Truthfully, she did feel… odd. The headache seemed to have abated, but there was a pressure against her forehead that wouldn't ease. She also felt a… tingling in her fingertips between her bare skin and the surfaces she touched, particularly the phone and the tablet. Like two electric forces trying to overpower each other.
When she looked at that vortex, she thought she could feel it in her teeth.
"Maybe." She shrugged, refusing to unwrap her hands from the mug of coffee in front of her to allow the warmth to bleed into her fingers. In the kitchen, she heard Varric talking as if to himself, engaged in some sort of conversation with the computer in his ear about emails.
She slouched further down into the comfortable, faded couch and swung her feet up, covered in thick woolen socks, onto the coffee table while maintaining steady eye contact with the Seeker. "I'd like to go home."
"I cannot advise you do so, although it is your choice." The Seeker perched precariously on the edge of the opposing couch. "The people say you are chosen by the Maker and Andraste, but the Seekers and the Templars say you are responsible for the murder of the Divine and that you should be executed via court marshal for war crimes."
No trial, then, and a very quaint firing squad. Maria ignored the chill down her spine. "I didn't do it."
"I believe you." Cassandra stated seriously, leaning forward. There was a folder clutched in her hands tightly. "But others… your identity is starting to leak, and your criminal background is available."
Maria didn't say anything, but she didn't need to, apparently. Cass opened the folder and looked down awkwardly. "You have been convicted of several misdemeanors. Shoplifting, vandalism, illegal possession of lyrium, disturbing the peace…"
"That disturbing the peace one is bullshit." That one still rankled. "I was minding my own business…"
"You were involved in a bar brawl." Cassandra scowled over the folder in disapproval.
"Everyone was involved in the brawl, Seeker. That's why they call it a brawl and not a fight."
From the kitchen, she heard Varric chuckle. She wasn't sure whether he'd heard her or if his computer was reading off funny memes to him.
"All in all, you have not been convicted of anything violent or extremely serious." The Seeker mused quietly. "Unusual for a flagged gang member. You are a known associate of the leader of the Ostwick Carta."
At least she didn't say girlfriend. She'd heard that a couple times too many and it never failed to absolutely ruin her day.

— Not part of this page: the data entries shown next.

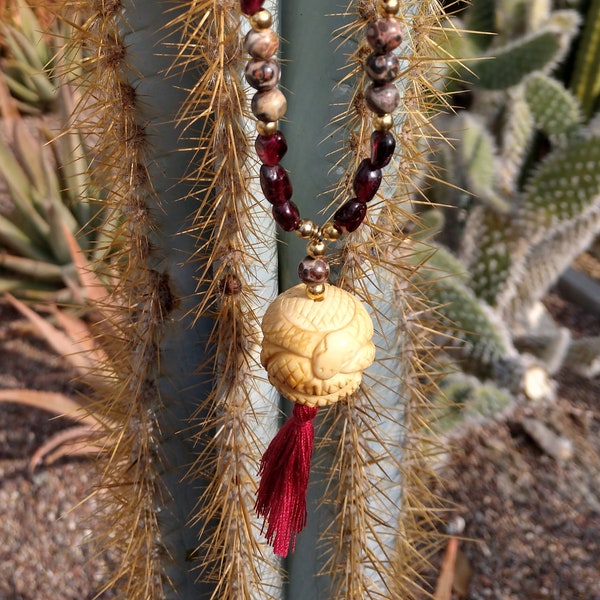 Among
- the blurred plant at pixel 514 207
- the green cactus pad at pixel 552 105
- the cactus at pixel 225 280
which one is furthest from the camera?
the green cactus pad at pixel 552 105

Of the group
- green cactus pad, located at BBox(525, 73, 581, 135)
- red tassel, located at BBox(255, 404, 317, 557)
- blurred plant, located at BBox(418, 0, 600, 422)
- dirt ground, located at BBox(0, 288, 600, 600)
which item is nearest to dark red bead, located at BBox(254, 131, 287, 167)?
red tassel, located at BBox(255, 404, 317, 557)

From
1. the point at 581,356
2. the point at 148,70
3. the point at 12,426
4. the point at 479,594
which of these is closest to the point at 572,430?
the point at 581,356

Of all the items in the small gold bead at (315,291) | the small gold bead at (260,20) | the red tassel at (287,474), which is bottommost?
the red tassel at (287,474)

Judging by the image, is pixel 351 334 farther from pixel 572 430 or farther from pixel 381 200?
pixel 572 430

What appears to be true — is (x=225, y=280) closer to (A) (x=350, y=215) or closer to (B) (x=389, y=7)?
(A) (x=350, y=215)

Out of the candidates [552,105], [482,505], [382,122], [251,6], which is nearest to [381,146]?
[382,122]

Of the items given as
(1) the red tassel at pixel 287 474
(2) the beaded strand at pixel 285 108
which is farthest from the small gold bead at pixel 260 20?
(1) the red tassel at pixel 287 474

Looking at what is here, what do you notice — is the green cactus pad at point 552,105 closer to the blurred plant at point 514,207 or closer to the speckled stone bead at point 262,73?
the blurred plant at point 514,207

She raised her eyebrow as if asking Cassandra for her point. When she didn't say anything, Cassandra looked down at the file awkwardly.
She knew it was coming, but that didn't make it any easier when the words came out of the Seeker's mouth. "You were arrested for murder eight years ago in Hercinia and put on trial."

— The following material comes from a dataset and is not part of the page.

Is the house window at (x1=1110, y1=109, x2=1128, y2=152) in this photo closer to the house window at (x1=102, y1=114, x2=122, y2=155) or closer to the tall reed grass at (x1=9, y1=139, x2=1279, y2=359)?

She placed the coffee mug heavily down on the table by her feet, the fingers of her right hand reaching to stroke the tattoo on her left wrist.

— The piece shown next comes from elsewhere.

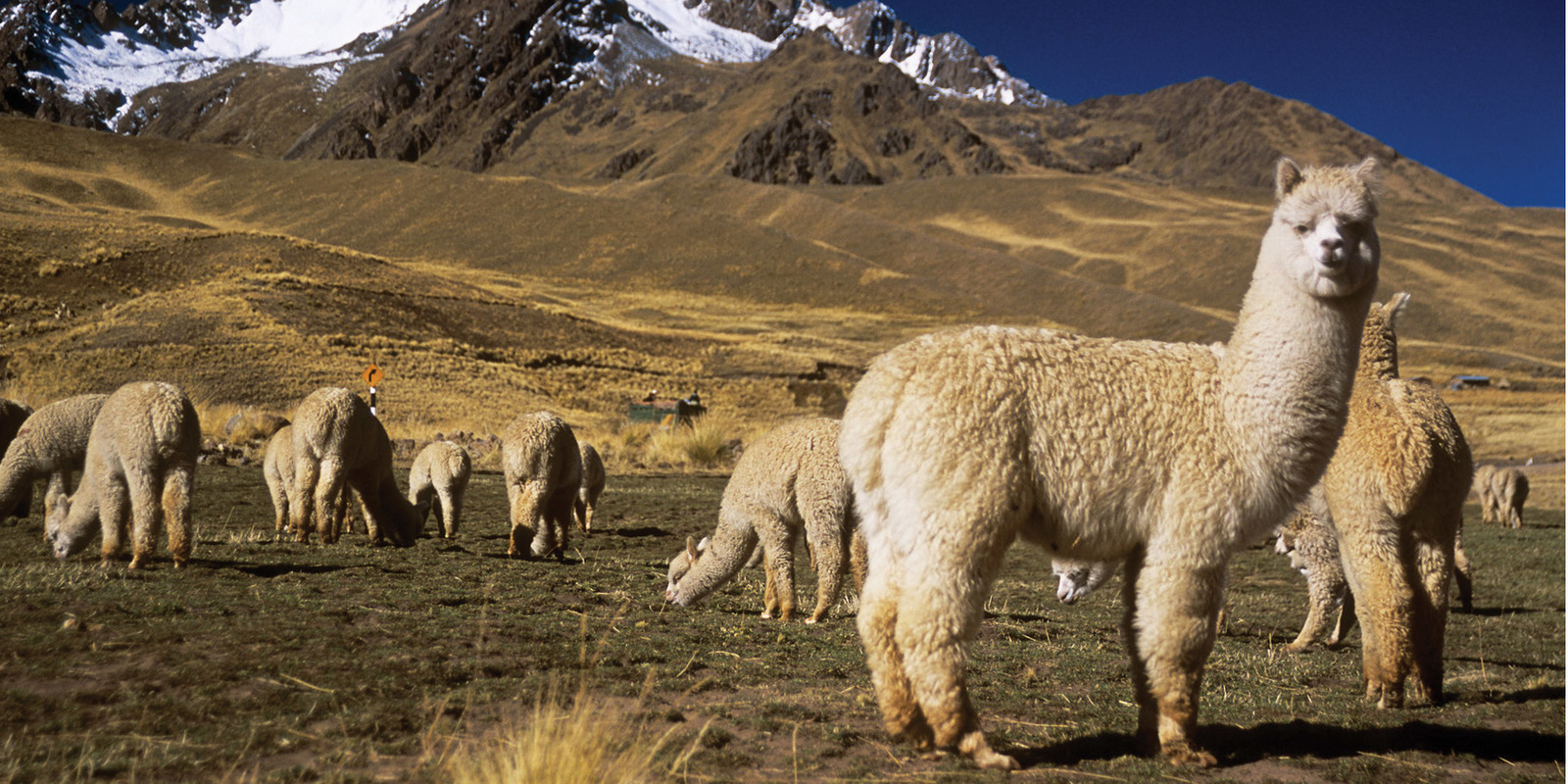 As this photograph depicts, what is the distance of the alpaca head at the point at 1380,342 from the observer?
21.9 ft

"I was found not guilty." She knew the words by rote. "By a jury of my peers."
"Yes." Cassandra agreed, looking back up at her with blazing eyes. "And the records of the trial were sealed, which is unusual."
"I had a very good lawyer." She answered immediately. She could feel her pulse under the tattoo, felt the headache returning with a vengeance. "And I was cleared."
"Were you innocent?"
She couldn't remember the last time she'd been innocent, but that wasn't the answer the Seeker wanted. Her throat tightened and she couldn't… she couldn't talk about this. Not here, not with this fucking stranger and her pointed face and her hole in the universe. "I'm not supposed to answer questions about this. My lawyer doesn't like it."
She stood in one fluid, quick movement, grabbing her coffee mug rather than see the surge of disappointment in the other woman's face. "I'm sure a quick google search would get you all the seedy details, Seeker. Have at it because I need some more advil."
With that, she stomped back up the stairs, the silence heavy in the small house. She didn't like to admit it, but maybe Bea was right. Maybe this would be a whole hell of a lot harder to wiggle out of that she anticipated.